Correio da Cidadania: Segundo dados do próprio Ministério da Justiça, menos de 8% dos homicídios são investigados e levados à justiça no Brasil – que apresenta população carcerária superior a 600 mil pessoas, cuja maioria está detida por crimes contra o patrimônio (roubo e furto) e delitos relacionados ao tráfico de drogas. Levando esses dados em consideração, qual sua opinião sobre a chamada política de guerra às drogas e de que forma contribui para o quadro que estamos discutindo?
Josmar Jozino: Vi umas estatísticas no passado, quando ainda trabalhava para jornais impressos, e parece que os crimes relacionadas ao tráfico de drogas estavam alcançando ou ultrapassando os crimes contra o patrimônio. E se você analisar as pessoas que estão presas por tráfico de drogas no Brasil, a maioria é da periferia. O sujeito quando vai preso está descalço, sem camisa; mora em favela, em comunidade. Esse pessoal que é chamado de “traficante” deve representar 90% dos presos por tráfico no Brasil. Na realidade são todos peões do tráfico. É a maioria que vai presa, enquanto a minoria dos grandes traficantes nós nem sabemos o nome.
Eu sou até a favor da descriminalização das drogas porque evitaria um monte de mortes e ainda seria capaz de amenizar a questão do narcotráfico no Brasil. Tem de descriminalizar com equipamento e acompanhamento público, com casas de saúde e etc.. Isto iria evitar muita chacina, evitaria uma guerra como essa. E com menos gente presa, também os problemas dentro das cadeias diminuiriam. Mas no Brasil ainda é uma utopia. Não conseguimos nem cuidar de uma cracolândia direito, imagina uma questão como essa, muito mais ampla.
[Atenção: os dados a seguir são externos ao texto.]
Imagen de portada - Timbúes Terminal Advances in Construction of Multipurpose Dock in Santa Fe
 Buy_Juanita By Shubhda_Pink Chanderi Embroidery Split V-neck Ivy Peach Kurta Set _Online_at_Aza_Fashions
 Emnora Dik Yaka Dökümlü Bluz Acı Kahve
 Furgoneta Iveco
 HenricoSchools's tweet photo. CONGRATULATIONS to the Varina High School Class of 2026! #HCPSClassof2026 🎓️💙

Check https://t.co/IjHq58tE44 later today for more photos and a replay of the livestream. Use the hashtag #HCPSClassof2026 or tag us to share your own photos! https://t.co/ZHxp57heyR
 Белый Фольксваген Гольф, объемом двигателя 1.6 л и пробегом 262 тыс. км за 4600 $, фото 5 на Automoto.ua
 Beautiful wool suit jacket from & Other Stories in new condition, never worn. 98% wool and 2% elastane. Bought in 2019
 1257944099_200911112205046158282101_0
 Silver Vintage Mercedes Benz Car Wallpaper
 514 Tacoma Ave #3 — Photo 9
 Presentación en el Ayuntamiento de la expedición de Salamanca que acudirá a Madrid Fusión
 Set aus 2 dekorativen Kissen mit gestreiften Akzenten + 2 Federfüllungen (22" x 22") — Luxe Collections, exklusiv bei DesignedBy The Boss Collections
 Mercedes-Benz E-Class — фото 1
Correio da Cidadania: Para finalizar, como esta evolução dos quadros de violência na sociedade brasileira pode se refletir no dia-a-dia da cobertura jornalística?
Josmar Jozino: Tenho mais de 30 anos de carreira, e os últimos 20 passei cobrindo a área policial. Lembro que quando tinha um duplo homicídio os jornais mandavam até dois repórteres. De lá pra cá, a violência aumentou, surgiu o crime organizado, as facções criminosas dentro das prisões – não foi nas ruas que surgiram – e hoje jornalisticamente a cobertura está banalizada. Só vemos notícias prontas. Pessoal vai com mais vigor quando tem esses casos de grandes massacres. Mas esse tipo de violência acontece todo dia nas periferias do Brasil e ninguém fala mais nada.
Raphael Sanz é jornalista do Correio da Cidadania.